Prompt:
Pictures stay out. Everything else in the listing below gets written out exactly.

Supplied data:

--- START ---

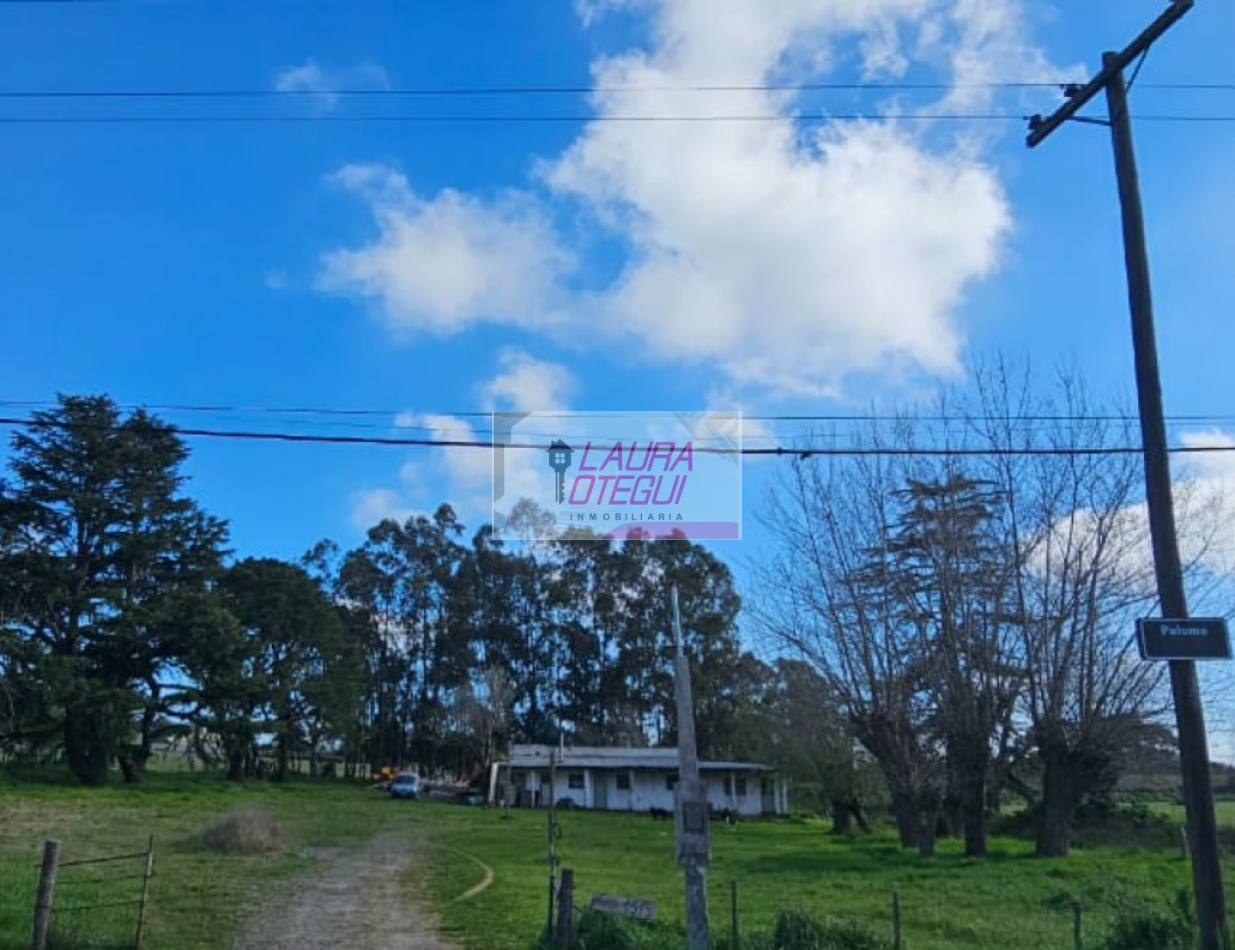 VENTA CASA QUINTA ZONA LA ELENA 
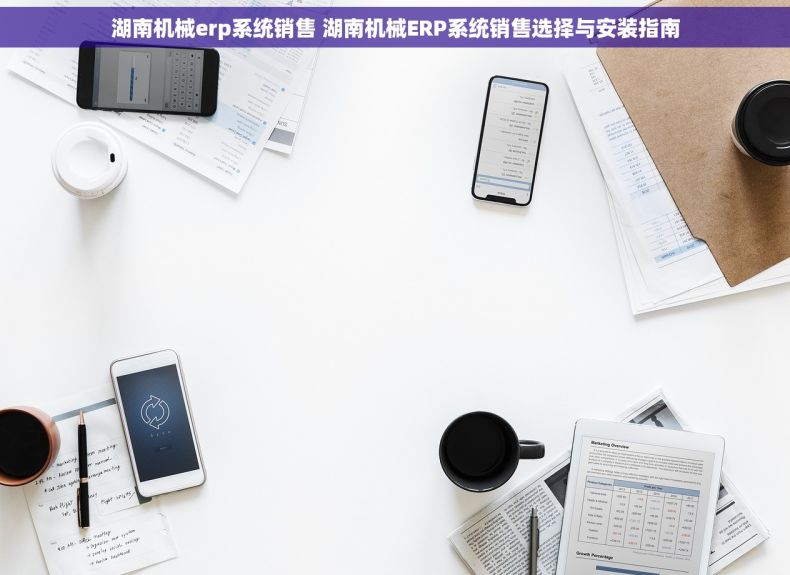 湖南机械erp系统销售 湖南机械ERP系统销售选择与安装指南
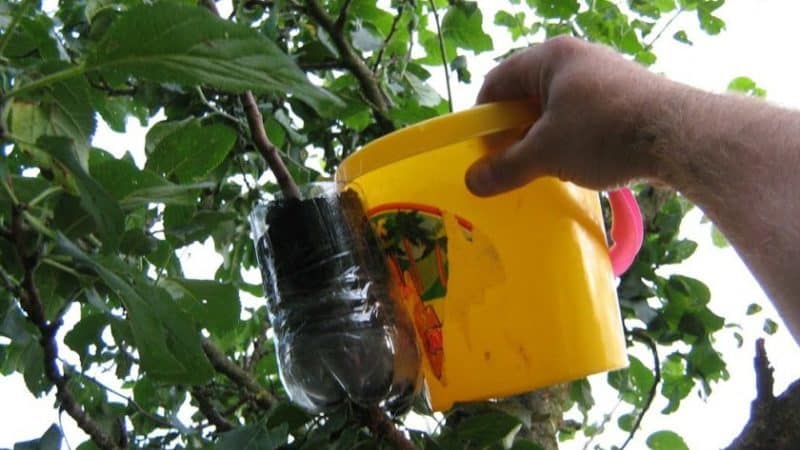 Step-by-step instructions for cutting an apple tree in the summer for beginners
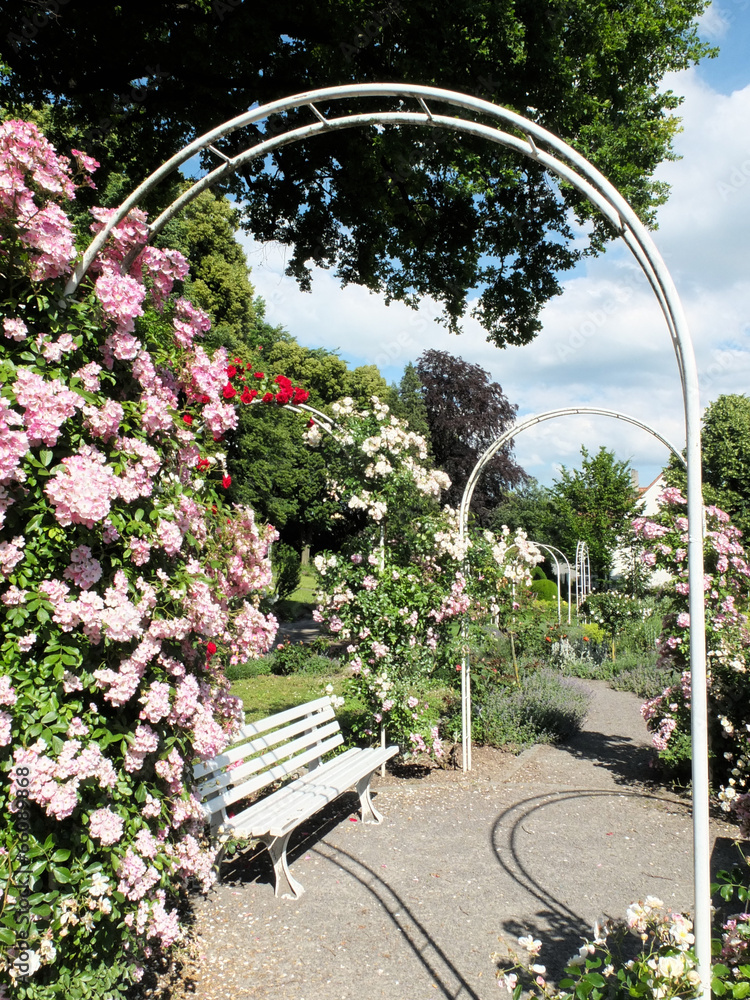 Rosengarten StockFoto Adobe Stock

--- END ---

Written reply:
 VENTA CASA QUINTA ZONA LA ELENA 
 湖南机械erp系统销售 湖南机械ERP系统销售选择与安装指南
 Step-by-step instructions for cutting an apple tree in the summer for beginners
 Rosengarten StockFoto Adobe Stock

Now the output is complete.